Thought Pokémon was a tough benchmark for AI? One group of researchers argues that Super Mario Bros. is even tougher.
Hao AI Lab’s Mario Challenge
Hao AI Lab, a research organization at the University of California San Diego, recently threw AI into live Super Mario Bros. games. The results were surprising, with Anthropic’s Claude 3.7 performing the best, followed by Claude 3.5. Google’s Gemini 1.5 Pro and OpenAI’s GPT-4o struggled.
The Game
It’s worth noting that the game was not the original 1985 release, but rather a version that ran in an emulator and integrated with a framework called GamingAgent, which gave the AIs control over Mario.
GamingAgent and the AIs
GamingAgent, developed in-house by Hao, fed the AI basic instructions, such as "If an obstacle or enemy is near, move/jump left to dodge" and in-game screenshots. The AI then generated inputs in the form of Python code to control Mario.
The Challenge
The game forced each model to "learn" to plan complex maneuvers and develop gameplay strategies.

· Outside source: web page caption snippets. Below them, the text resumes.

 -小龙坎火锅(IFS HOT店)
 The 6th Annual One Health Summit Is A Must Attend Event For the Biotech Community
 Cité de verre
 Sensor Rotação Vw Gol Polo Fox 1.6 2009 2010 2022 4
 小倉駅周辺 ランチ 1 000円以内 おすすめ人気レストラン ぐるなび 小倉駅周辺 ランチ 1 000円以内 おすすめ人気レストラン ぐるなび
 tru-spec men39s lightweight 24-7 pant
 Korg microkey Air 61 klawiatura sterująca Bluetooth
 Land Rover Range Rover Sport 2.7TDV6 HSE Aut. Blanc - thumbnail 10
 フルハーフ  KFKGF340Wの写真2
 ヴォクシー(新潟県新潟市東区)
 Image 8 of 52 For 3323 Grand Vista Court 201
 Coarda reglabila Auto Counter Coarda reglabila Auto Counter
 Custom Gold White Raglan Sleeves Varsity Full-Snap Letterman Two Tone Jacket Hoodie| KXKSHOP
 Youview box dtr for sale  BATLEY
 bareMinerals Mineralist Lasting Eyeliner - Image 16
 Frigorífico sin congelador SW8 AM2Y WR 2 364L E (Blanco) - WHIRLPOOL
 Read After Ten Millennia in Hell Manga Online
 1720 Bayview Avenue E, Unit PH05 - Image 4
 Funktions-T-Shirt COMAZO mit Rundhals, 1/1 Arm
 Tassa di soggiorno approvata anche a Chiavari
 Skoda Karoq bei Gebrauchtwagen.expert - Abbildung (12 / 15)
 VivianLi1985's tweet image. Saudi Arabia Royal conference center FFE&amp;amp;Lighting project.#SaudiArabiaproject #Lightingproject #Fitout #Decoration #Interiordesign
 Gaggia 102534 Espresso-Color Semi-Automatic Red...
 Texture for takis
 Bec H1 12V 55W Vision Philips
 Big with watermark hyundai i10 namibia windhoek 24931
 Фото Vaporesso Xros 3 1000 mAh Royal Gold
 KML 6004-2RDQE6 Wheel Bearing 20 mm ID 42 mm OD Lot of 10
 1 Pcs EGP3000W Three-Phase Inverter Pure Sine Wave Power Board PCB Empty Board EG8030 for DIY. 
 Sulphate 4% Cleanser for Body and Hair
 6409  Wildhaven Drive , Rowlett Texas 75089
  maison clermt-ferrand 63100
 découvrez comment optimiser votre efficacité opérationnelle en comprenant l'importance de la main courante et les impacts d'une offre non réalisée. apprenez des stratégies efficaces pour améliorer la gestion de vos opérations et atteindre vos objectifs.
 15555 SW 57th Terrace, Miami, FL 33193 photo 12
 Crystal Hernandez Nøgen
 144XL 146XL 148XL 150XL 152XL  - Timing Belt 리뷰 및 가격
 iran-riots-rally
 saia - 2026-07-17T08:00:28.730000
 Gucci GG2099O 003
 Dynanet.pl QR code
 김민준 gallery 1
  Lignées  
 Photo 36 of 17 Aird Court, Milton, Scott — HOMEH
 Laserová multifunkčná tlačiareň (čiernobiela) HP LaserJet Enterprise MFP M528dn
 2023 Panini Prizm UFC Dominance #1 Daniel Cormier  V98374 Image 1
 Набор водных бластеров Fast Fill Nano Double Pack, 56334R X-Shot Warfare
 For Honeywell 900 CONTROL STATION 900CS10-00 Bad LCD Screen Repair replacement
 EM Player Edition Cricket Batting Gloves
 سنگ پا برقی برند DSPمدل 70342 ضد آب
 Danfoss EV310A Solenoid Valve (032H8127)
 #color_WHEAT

Interestingly, the lab found that so-called reasoning models like OpenAI’s o1, which "think" through problems step by step to arrive at solutions, performed worse than "non-reasoning" models, despite being generally stronger on most benchmarks.
The Reasoning
The main reason reasoning models have trouble playing real-time games like this is that they take a while – seconds, usually – to decide on actions, according to the researchers. In Super Mario Bros., timing is everything. A second can mean the difference between a jump safely cleared and a plummet to the death.
An Evaluation Crisis
Games have been used to benchmark AI for decades. However, some experts have questioned the wisdom of drawing connections between AI’s gaming skills and technological advancement. Unlike the real world, games tend to be abstract and relatively simple, and they provide a theoretically infinite amount of data to train AI.
The Evaluation Crisis
As Andrej Karpathy, a research scientist and founding member at OpenAI, wrote, "I don’t really know what [AI] metrics to look at right now. TLDR my reaction is I don’t really know how good these models are right now."
Conclusion
At least we can watch AI play Mario.
Frequently Asked Questions
Q: What is the purpose of the Mario challenge?
A: To test the capabilities of AI models in real-time, complex environments.
Q: Which AI models performed well in the challenge?
A: Anthropic’s Claude 3.7 and Claude 3.5.
Q: Why did reasoning models struggle in the challenge?
A: Reasoning models take too long to decide on actions, making them less effective in real-time games.
Q: What is the evaluation crisis in AI?
A: A crisis in which experts are questioning the relevance of AI gaming benchmarks to real-world advancements.